What kind of rod and piston is hE using? Specs on the transmission? Axle?


----------



## turbodub (Jul 6, 2000)

agidec29 said:


> What kind of rod and piston is hE using? Specs on the transmission? Axle?


je pistons, brute rods. stock pos 02m trans and axels.


----------



## agidec29 (Jul 11, 2009)

Thank youu!


----------



## The GLI Kid!! (Nov 5, 2009)

yea this guys know what i am running. lol


----------



## agidec29 (Jul 11, 2009)

The GLI Kid!! said:


> yea this guys know what i am running. lol


Are you tha kid?
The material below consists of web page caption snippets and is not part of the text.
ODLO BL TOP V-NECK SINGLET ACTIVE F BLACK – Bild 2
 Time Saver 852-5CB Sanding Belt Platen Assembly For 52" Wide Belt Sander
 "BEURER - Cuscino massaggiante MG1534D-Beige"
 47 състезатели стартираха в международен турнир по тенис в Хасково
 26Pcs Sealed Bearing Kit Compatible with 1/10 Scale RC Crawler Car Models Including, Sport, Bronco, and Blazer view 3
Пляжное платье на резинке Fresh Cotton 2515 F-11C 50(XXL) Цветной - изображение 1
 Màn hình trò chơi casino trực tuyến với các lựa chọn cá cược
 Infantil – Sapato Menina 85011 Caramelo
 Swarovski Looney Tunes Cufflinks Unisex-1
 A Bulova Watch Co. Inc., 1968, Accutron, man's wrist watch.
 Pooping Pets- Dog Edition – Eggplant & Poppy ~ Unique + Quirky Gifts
Lol if you are, big fan of the car its awesome


----------



## Riders TM (Dec 20, 2007)

lugnuts said:


> need bigger cams if anyone wants testing done


ill take you up on this if its still needed.


----------



## 05JettaGLXVR6 (Jan 25, 2006)

Riders TM said:


> ill take you up on this if its still needed.


Yep send me some 298's


----------



## The GLI Kid!! (Nov 5, 2009)

yes i am lol. thanks


----------



## Riders TM (Dec 20, 2007)

05JettaGLXVR6 said:


> Yep send me some 298's


^^^ this.


----------



## vento86 (Oct 13, 2008)

your glove box is falling out

congrats on having the fastest mk3:thumbup:


----------



## agidec29 (Jul 11, 2009)

The GLI Kid!! said:


> yes i am lol. thanks


Np man, i hope one day my car will be like yours


----------